Перед нами, насколько хватал глаз, расстилалась необозримая равнина. Справа и слева гряда за грядой поднимались мягко круглящиеся цепи гор. Казалось, они безмятежно блаженствуют в тихом прозрачном воздухе, купаясь в лучах солнца. Их склоны покрывали высокие шелковистые травы, по которым легкий ветерок гнал бесконечную череду ровных волн. Далеко вверху, ближе к небу, подернутому дымкой, небольшие, выстланные темно-зеленым бархатом лесов расщелины вились по травянистым склонам; в некоторых местах они «впадали» в пропасти, по обеим сторонам которых высились колоссальные природные бастионы. Лес стоял крутой стеной слева и справа от нас, а прямо у наших ног земля обрывалась вниз, к подножию гигантского амфитеатра. В кристально чистом воздухе царила райская тишина. Ничтожнейшие звуки — переливчатый, как колокольчик, звук барабана, лай собаки, крик какой-то незнакомой птицы — долетали с самого дальнего горизонта во всей чистоте и прозрачности.
Солнце сияло, высокие травы волновались и вздыхали под нежным дуновением ветерка, и маленькие синие пчелы гудели у наших ног над влажной глиной. Завороженные обступившей нас красотой, мы начапи спуск к деревне Тинта, которая виднелась далеко внизу.
На порядочном расстоянии от кучки круглых хижин нас встретила делегация во главе с вождем Икумо, которого окружала свита из его почтенных соплеменников. Вместе с ними мы вошли в небольшое подворье, которому предстояло стать нашим домом, и после бесконечных разговоров, взаимных приветствий и «угощения» с нашей стороны джазовой музыкой они отбыли, предоставив нам устраиваться и обживаться.
После тяжелой работы, когда все уже было на своих местах, мы уселись за заслуженный обед.
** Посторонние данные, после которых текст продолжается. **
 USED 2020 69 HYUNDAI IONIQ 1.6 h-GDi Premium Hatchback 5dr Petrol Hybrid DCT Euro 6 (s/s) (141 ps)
В ту минуту, когда перед нами торжественно ставили приготовленное на пальмовом масле жаркое, до нас донесся громкий выстрел откуда-то с высоты дальних гор, с которых мы спустились в тот день, как из иного мира. Мы отметили, что он очень громкий, но вскоре ароматное благоухание отлично наперченного жаркбго вытеснило из наших мыслей одинокий звук. Мы ели в полном безмолвии и лишь после того, как не осталось ни еды, ни места в наших желудках, молча закурили. Когда мы почувствовали, что можем наконец пошевелиться, мы достали свои книги и погрузились в блаженные волны полного довольства, знакомого только тем, кто тяжело поработал и до отвала наелся. Африканцы на своей половине дома впали в такое же состояние. Во всем мире воцарился великий покой.